The package stanza contains metadata related to app upgrades, and the launcher stanza determines how the Launcher page in Splunk Enterprise and the Splunkbase website display information about the app. For more information about the contents of the app.conf file, see "app.conf" in the "Admin Manual."

Tips and useful resources

The page "Step 8: Package your app or add-on" in the "Developing Views and Apps for Splunkweb Manual" contains lots of useful resources related to packaging an app including:

  • What should be in the app.conf file.
  • How to add an icon and screenshots on Splunkbase or in the Launcher. These files must have particular resolutions and you must place them in a particular location.
  • How to tar and zip your app on different platforms. Note that you must manually install the gnutar tool referenced on this page on OS X.
SHIPThere are also Splunk CLI commands that can be used for packaging. The latter will ignore all auxiliary git-related files:
  • splunk package app appname
  • git archive

SHIPWhen you are creating the .spl file, it's a good idea to check out a clean copy of your app from your source control system and use that. This removes the risk of accidently including any temporary file or files created by Splunk Enterprise at runtime. However, you should be sure not to include files related to your source control system such as .git and .gitignore in the .spl package file.

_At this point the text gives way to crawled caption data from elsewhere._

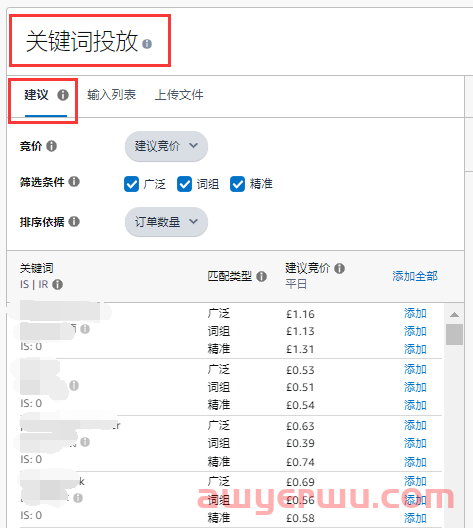 什么时候可以开启亚马逊自动广告？你未必知道的3个方式就可轻松判断 第1张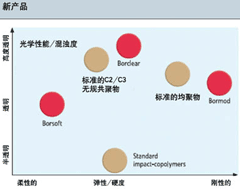 图3：用于薄膜的主要的新型聚丙烯产品的光学性能和劲度 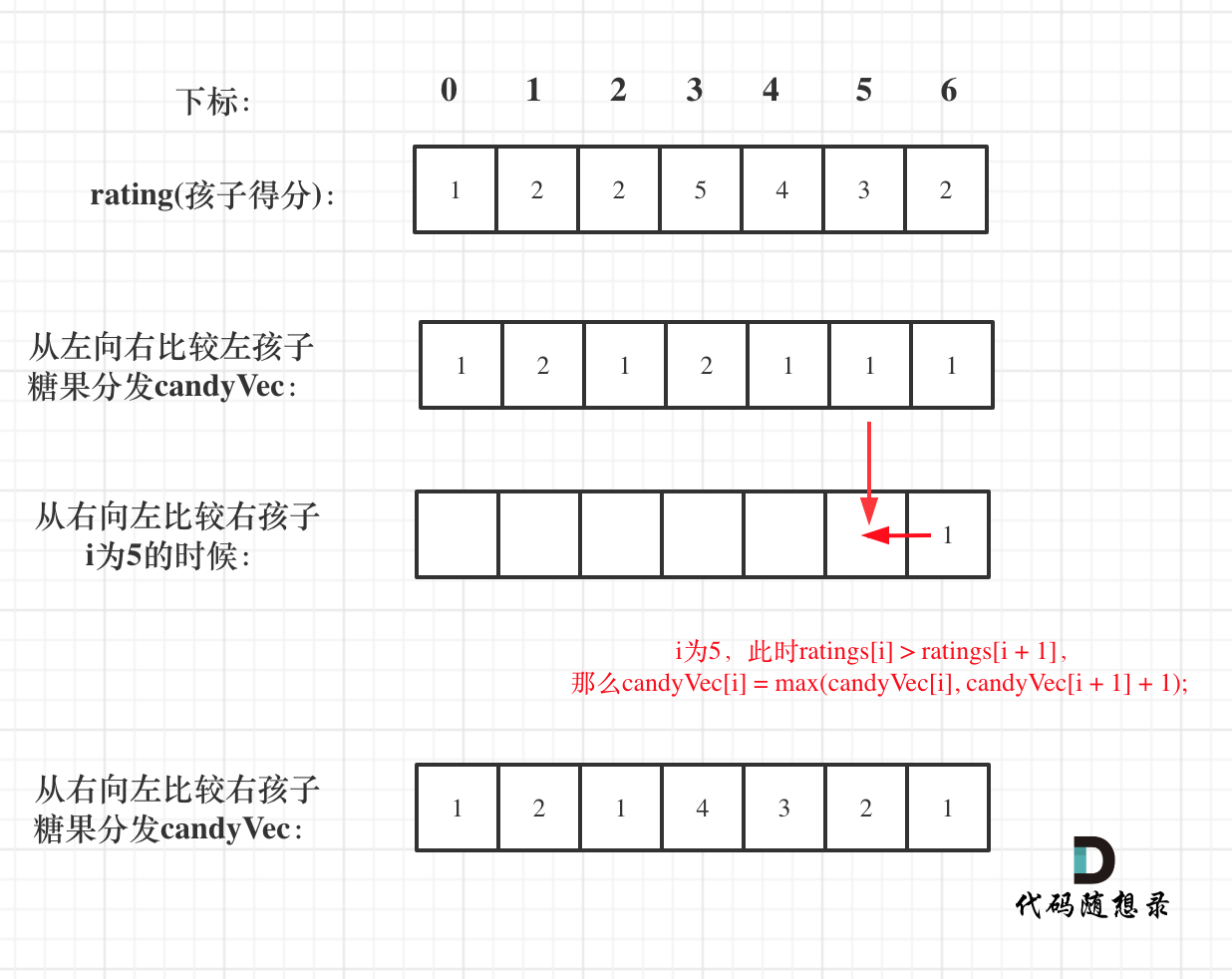 代码随想录算法训练营第三十四天|1005. K次取反后最大化的数组和，135，分发糖果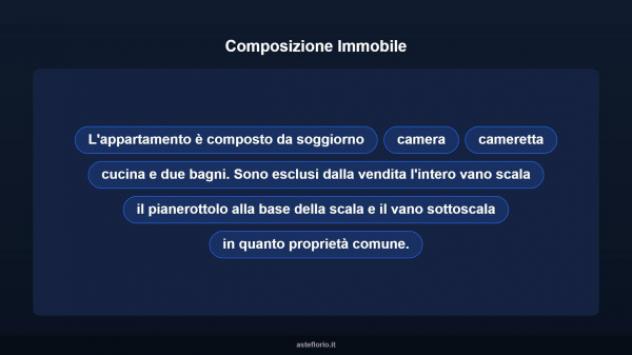 Immobile in asta di 80 m² in vendita a Roma - Foto 9
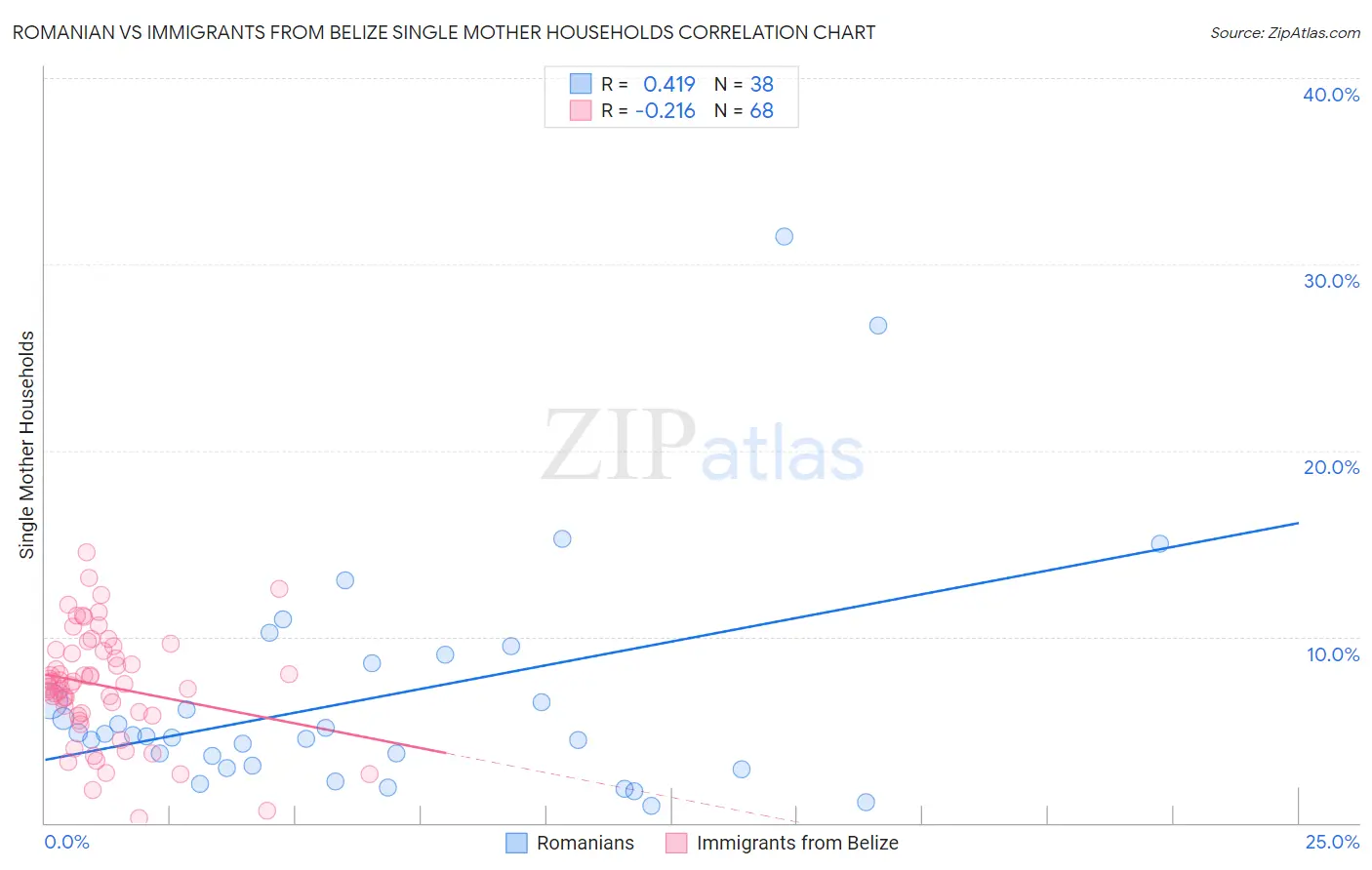 Romanian vs Immigrants from Belize Single Mother Households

When you tar and zip your app, you must add the folder that contains all your app resources as the root folder in the package.

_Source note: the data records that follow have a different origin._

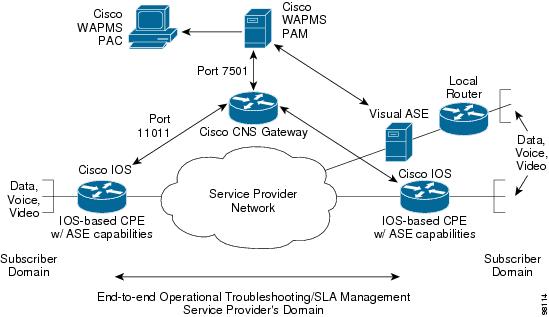N Access Performance Management System U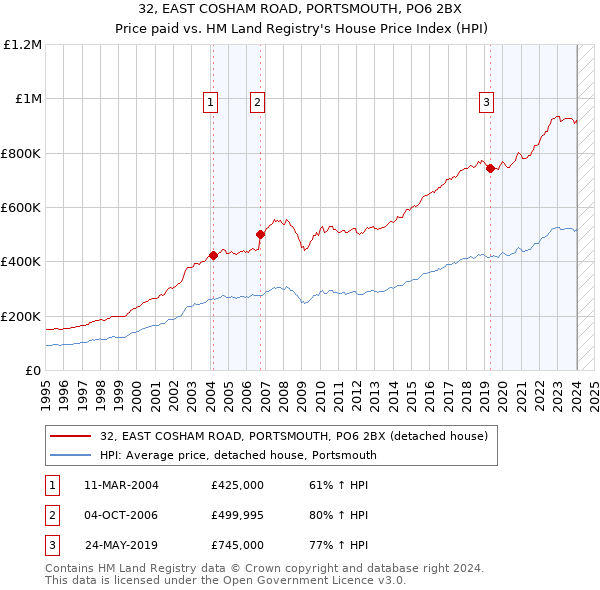 32, EAST COSHAM ROAD, PORTSMOUTH, PO6 2BX: Price paid vs HM Land Registry's House Price Index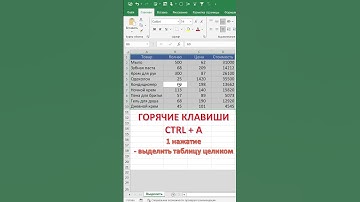 Горячие клавиши - выделить всё #shorts #фишки #шортс #reels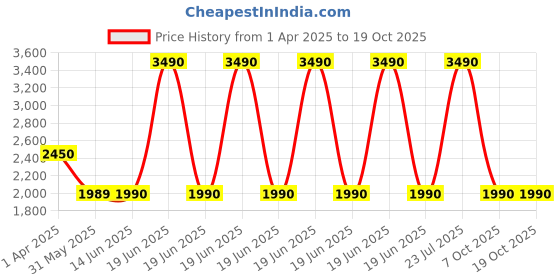 myntra.com The Pant Project Men Aquatic Blue Tailored Mid-Rise Power Stretch Slim Fit Trousers the pant project Price History Graph from 1 Apr 2025 to 18 Oct 2025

For the PAS app, we have chosen to include in the .spl file the indexes.conf file that specifies the location of the pas index files. This is a convenience to let a customer downloading and installing the PAS app on a single machine get started quickly with minimal manual configuration steps. In a distributed production environment, an administrator typically needs to configure the indexes on specific machines.

When you upload your .spl file to Splunkbase, it validates the app folder structure and app.conf file. However, the Splunkbase team must approve the app before it becomes visible on Splunkbase. This usually takes about 24 hours to complete.

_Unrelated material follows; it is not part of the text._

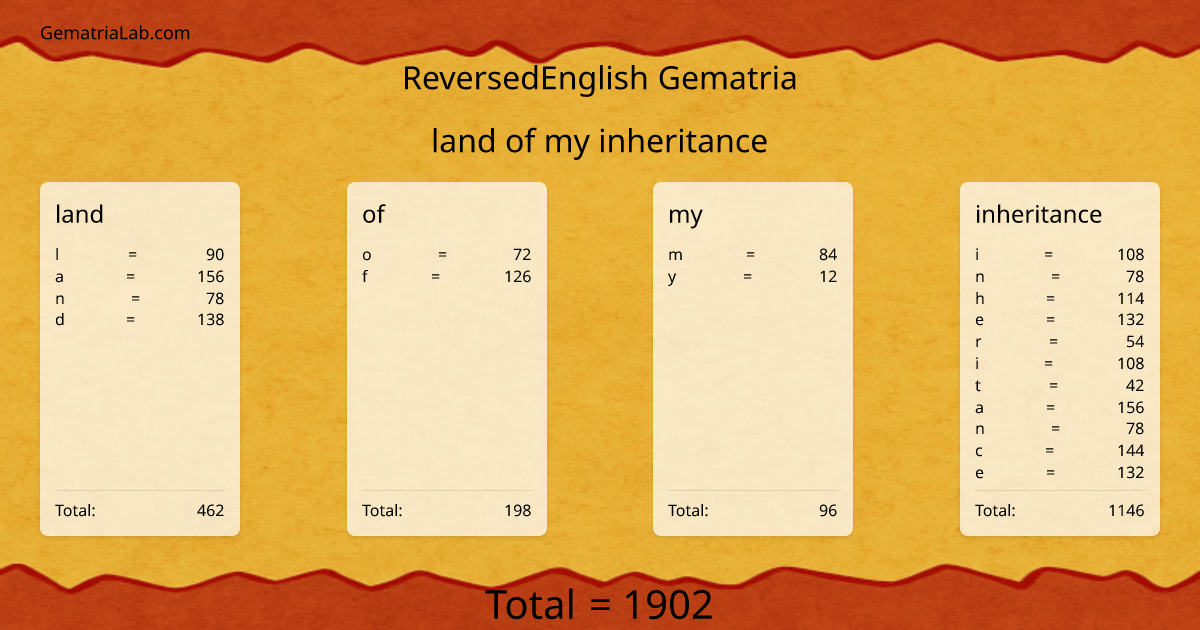 land of my inheritance in reversedEnglish Gematria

SHIPWhen publishing your apps/add-ons on Splunkbase, follow these naming conventions:

During the submission process you must provide various pieces of metadata. These include the app name, a short description, license details, and contact details. For more information about the submission process including naming guidelines and approval criteria, see "About submitting content" in the "Working with Splunkbase Manual."

Updated: Splunk Packaging Toolkit

NEW FOR PAS 1.5.2: This section has been added since the original publication of Building Splunk Solutions, and applies to version 1.5.2 of the PAS reference app. For more information, see What's new in Building Splunk Solutions.

Since the last major release of Building Splunk Solutions (which coincided with Splunk Enterprise 6.3.0), Splunk has released a major step forward in Splunk app packaging and deployment: a beta version of the Splunk Packaging Toolkit. While the Packaging Toolkit is currently only available as a CLI tool, you should be aware of its potential to significantly improve the Splunk app packaging and deployment experience.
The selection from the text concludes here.